Catalytic coproduction of methanol and glycol in one pot from epoxide, CO2, and H2.

An atom (100%) and energy-efficient approach to coproduce two commodity chemicals, methanol and glycol, has been demonstrated for the first time using H2, CO2, and epoxide as feeds. A basic medium used for CO2 capture, polyethyleneimine (PEI600), is shown to facilitate the formation of a key reaction intermediate, cyclic carbonates. Upon hydrogenation of cyclic carbonates in the presence of a homogenous Ru-PNP catalyst, a 1 : 1 mixture of methanol and glycol is produced. This approach has been demonstrated in one pot by adding all the required reactants directly or stepwise. The stepwise addition of reactants resulted in good yields (>95% for PG and 84% for methanol) and selectivity of products. This journal is © The Royal Society of Chemistry.

Carbon capture and utilization (CCU) has gained significant attention recently as it is considered as a possible strategy to mitigate anthropogenic CO2 emissions.[1] CO2 can be a C1 source to produce various chemicals such as formic acid, methanol, formate ester, polymers, and cyclic carbonate based on the reaction temperature and starting materials.[2-4]. Among these products, methanol is a commodity chemical that can be used as a feedstock to produce olefins, ethers, fuel blends, acetic acid, and other products.[2] Industrially, methanol is produced from syngas mixture in the presence of Cu-based catalyst at high temperature and high pressure (Scheme 1).[6] The reaction byproduct, water, is separated from methanol by distillation and is not utilized in the process, which lowers the net theoretical atom efficiency to ∼73%.

Scheme 1

Commercial routes to produce methanol and glycols.

Ethylene glycol and propylene glycol are used as automotive antifreeze, chemical feedstocks for polyester production, and for other miscellaneous applications.[7,8] Glycols are typically produced by hydrolysis of epoxide in excess water under acidic conditions at high temperature (>150 °C). In addition, the hydrolysis product stream is often contaminated with oligomers of glycols because the product glycol reacts faster with epoxide than water. The use of excess water (∼20-fold molar excess) is necessary to reduce the formation of higher homologues, and there is an energy penalty associated with separation of glycol(s) from excess water and oligomers. In the case of ethylene oxide-to-ethylene glycol conversion, a two-step Shell OMEGA process involving first the formation of cyclic carbonate and subsequent hydrolysis of cyclic carbonate to ethylene glycol is practiced industrially to improve the selectivity (Scheme 1).[9] However, the process still involves an energy-intensive separation process to remove excess water from the product.

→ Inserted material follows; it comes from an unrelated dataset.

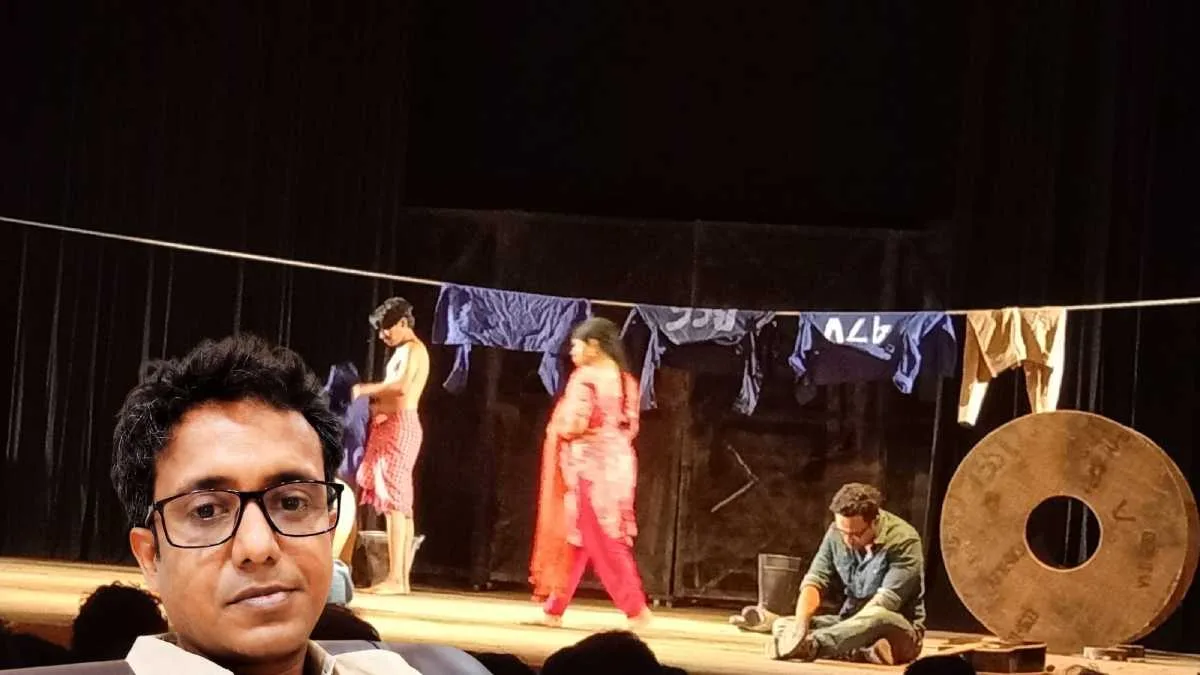 বিশু পাগলেরা ফিরে ফিরে আসে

We hypothesized that combining the two processes and coproducing methanol and glycol in one pot, the separation associated with excess reagents or byproducts could be avoided, as the byproduct from one reaction is indirectly used as feed for another. Furthermore, the unique reactivity of the captured CO2 (anionic species) is exploited to ring open the epoxide to form cyclic carbonate, which then is hydrogenated to produce two commodity chemicals at the same time (methanol and glycol) with a theoretical 100% atom efficiency. Approaches for combined methanol and glycol production from epoxide have been explored by others in the literature;[10] however, those processes are not atom-efficient because they use a hydrosilane as a reducing agent, which results in the formation of a stoichiometric amount of chemical waste. Several reports have also been reported on coproduction of methanol and glycols from carbonates,[4] but none using CO2, epoxide and H2 directly to the best of our knowledge.

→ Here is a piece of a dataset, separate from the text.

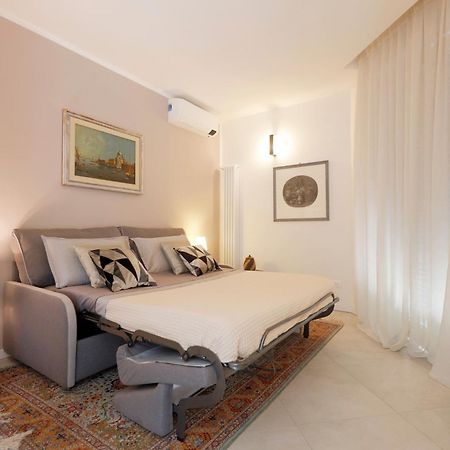 Siena Uptown - Sabrina'S Charming Apartment Esterno foto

We have previously demonstrated that the amines and amino alcohols used for CO2 capture also promote the hydrogenation of CO2 to formate and methanol.[4] In this study, we wanted to investigate if such amines and amino alcohols can catalyze the coproduction of methanol and glycol in absence of any additives, by assisting in situ formation of cyclic carbonate, an important intermediate that can later be hydrogenated to methanol and glycol. First, monoethanol amine (MEA), the most commonly used post-combustion CO2 capture solvent was studied as a catalyst for the formation of propylene carbonate (PC) from CO2 and propylene oxide (PO). MEA produced a very small amount of cyclic carbonate at 110 °C (entry 1, Table 1). When a pre-combustion capture solvent, diethyl ethanol amine (DEEA), was used (entry 2, Table 1), only traces of cyclic carbonate was observed by 1H NMR experiment. We have previously shown that DBU hexylcarbonate (switchable ionic liquid) catalyzes the reaction of CO2 to epoxides.[4] However, amidines were not used for this study because they tend to degrade at elevated temperatures under reductive conditions.[4]

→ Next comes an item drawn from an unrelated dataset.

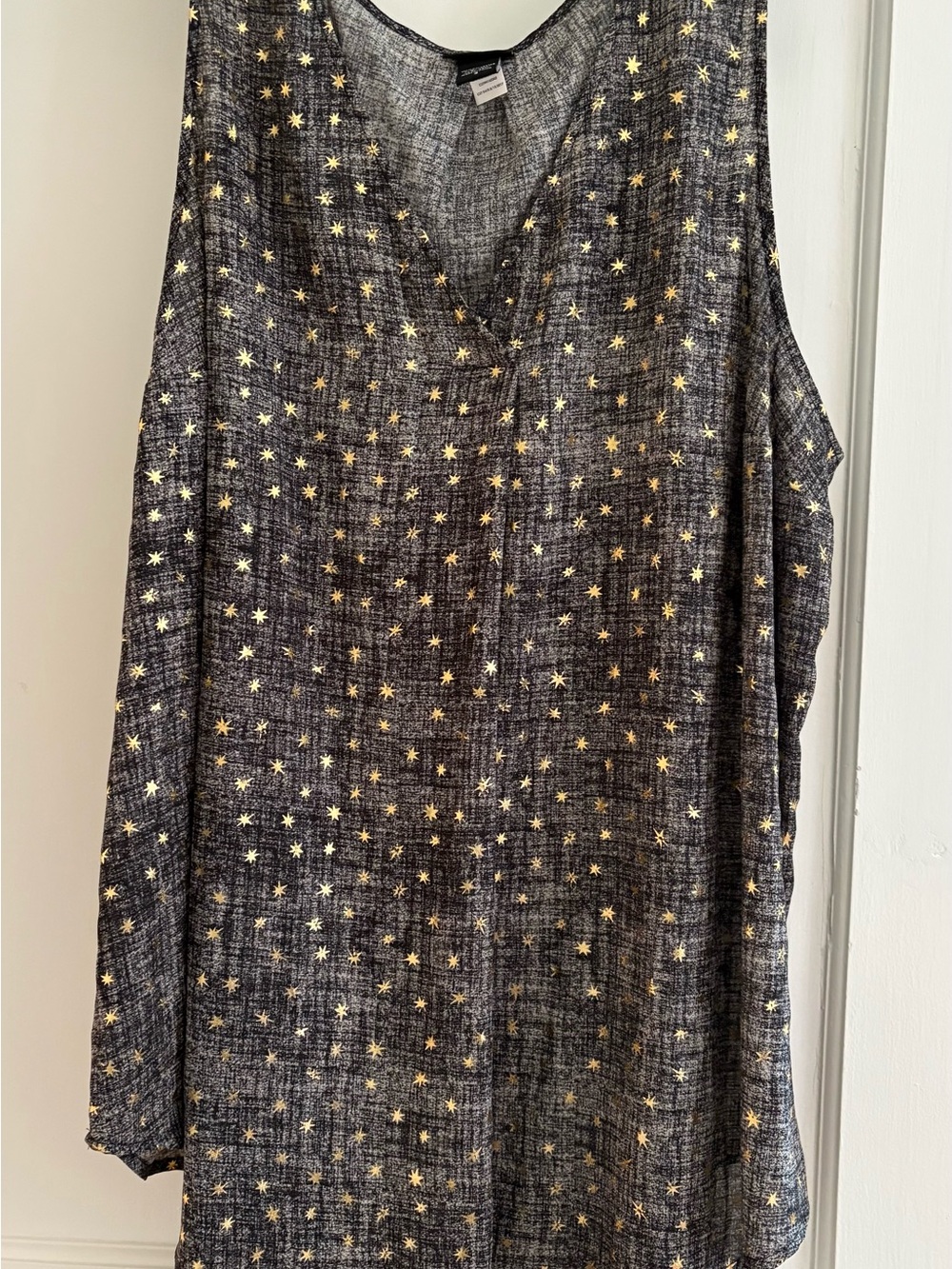 Torrid Sleeveless Star-Print Women’s Top - Metallic Gold on Charcoal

Propylene carbonate formation from CO2 and POa

Entry	Organocatalyst	Temperature (°C)	PC yield (%)
1	MEA	110	0.2
2	DEEA	110	Traces
3	DMAP	110	58
4	PEI (300 mg)	110	54
5	PEI (100 mg)	110	11
6	PEI (100 mg)	25	0
7	PEI (100 mg)	140	97

Reaction conditions: PO = 20 mmol, MEA = 10 mol%, DEEA = 5 mol%, DMAP = 10 mol%, PEI600 = 300 mg (entry 4) and 100 mg (entry 5, 6 and 7), THF (5 g, 5.6 mL), initial CO2 pressure at room temperature = 30 bar, yields were calculated based on the amount of PO (20 mmol) used. 1,3,5-Trimethoxybenzene (TMB) was added as an internal standard.

4-Dimethylaminopyridine (DMAP) was identified as one of the reactive bases that ring open epoxides via epoxide activation pathway (Scheme 2).[12] Under our reaction conditions, a cyclic carbonate conversion of 58% was obtained with a good selectivity for PC (entry 3, Table 1). A high boiling polyamine (branched polyethylenimine, PEI600) was also screened under the same reaction condition, and a cyclic carbonate conversion of 54% was achieved. Unlike DMAP, which was reported to first activate the epoxide, PEI600 is expected to activate the CO2, first via CO2 activation pathway (Scheme 2) and subsequent nucleophilic attack of the carbanion on the epoxide, opens the ring and cyclizes to carbonate.

Scheme 2

Proposed reaction mechanisms in the literature.[13]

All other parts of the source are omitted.